7. In the seven years since it first appeared, Yuen Ting Lee’s essay “Wu Zhao: Ruler of Tang Dynasty China” (volume 20, number 2, fall 2015) has disappeared from the most viewed list on several occasions but has enjoyed a recent resurgence. Readers get both a realistic story of China’s only female emperor and a glimpse of her apparent popularity, in part due to controversies that exist about her in Chinese popular culture.

8. Coauthors Jimin Kim, Beverly Milner (Lee) Bisland, and Sunghee Shin in their article “Teaching about the Comfort Women during World War II and the Use of Personal Stories of the Victims” (volume 24, number 3, winter 2019) include elements that other authors writing about the same topic in other publications don’t often incorporate into their work: the use of primary sources including personal accounts and imperial Japanese army regulations; the experiences of comfort women, some of whom were not Korean, in several countries; and a more international account of comfort women’s efforts to receive economic compensation and public recognition of their exploitation.

9. Indian Prime Minister Modi’s Bharatiya Janata Party (BJP) party, after taking power, has significantly increased discrimination against Muslims and Indian Christians. Arvind Sharma’s “On the Difference Between Hinduism and Hindutva” (volume 25, number 1, spring 2020) is an excellent overview of the Indian nationalist philosophy Hindutva represented by the BJP and what sets it apart from Hinduism.

10. Clayton Brown’s “China’s Great Leap Forward” (volume 17, number 3, winter 2012) in my opinion is the most succinct and accurate student-friendly essay I’ve ever read that assists students in understanding why in a competitive field, “The Great Helmsman” holds the twentieth century world record for being responsible for the deaths of the largest number of citizens in peace time.*

*Note, in a twenty-four hour period, another consistently high ranking article on India that debunks student notions that Indian resistance to the British Raj was exclusively non-violent, displaced Brown’s article; General speculation: for decades in the US, few India-related pedagogical materials were available for educators in comparison to East Asian teaching resources.

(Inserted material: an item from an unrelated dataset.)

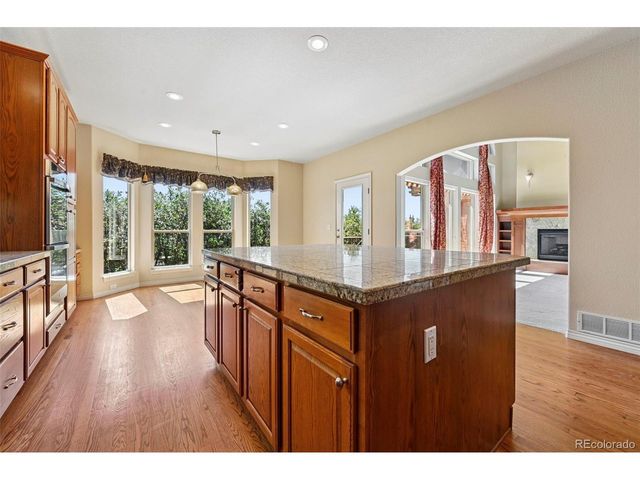 1825 Bridle Oaks Ln, Colorado Springs, CO 80921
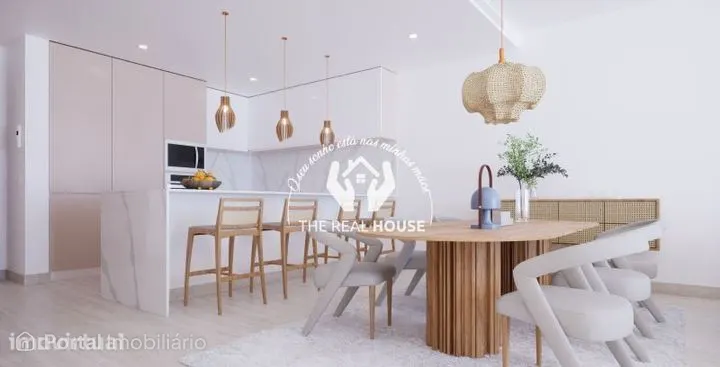 Apartamento T3 - com Piscina Privativa e Vista Mar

EAA might be, for the past several years, contributing towards narrowing the aforementioned gap.

Other Teaching Resources

Cover of Indonesia: History, Heritage, Culture by Kathleen M. Adams

Kathleen M. Adams, Key Issues in Asian StudiesIndonesia: History, Heritage, Culture (Columbia University Press, 2020)

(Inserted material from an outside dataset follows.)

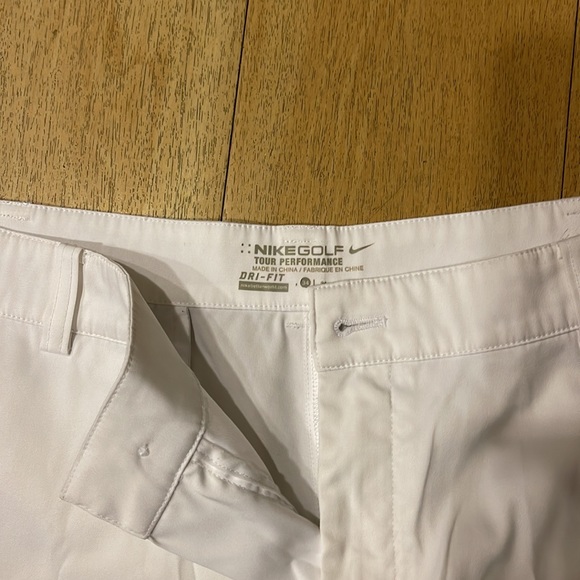 Nike DRI-FIT Golf Shorts - Picture 2 of 3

This beautifully-written volume is most probably the best introduction to Indonesia virtually all Digest readers have never read. Many of you have library budgets and a paperback copy of the volume is US $15.00. One excerpt about this volume from the Editor’s Introduction:

This volume is first and foremost a good story about the peoples of what is now Indonesia from its earliest times until the present.

I hope many Digest readers will invest this modest amount to purchase Kathleen’s volume in hopes that they or their students can better understand the story of the now fourth-most populated nation in the world.

This online National Consortium for Teaching about Asia (NCTA) K-8 teacher book group offered by the Program for Teaching East Asia at the University of Colorado Boulder draws on two books to explore the changing cultural and environmental characteristics of South Korea’s cities and discuss classroom applications for language arts and social studies. The book group will be conducted through three two-week, asynchronous online modules, each consisting of featured works of children’s literature about Korea, supplemental readings and/or viewings, and a participant discussion forum on content and pedagogy. In addition, the program includes a synchronous webinar with a children’s book author.
For more information about the program including how to apply, visit the link here. Applications close on September 13th or when the program is full so those interested are encouraged to apply as soon as possible.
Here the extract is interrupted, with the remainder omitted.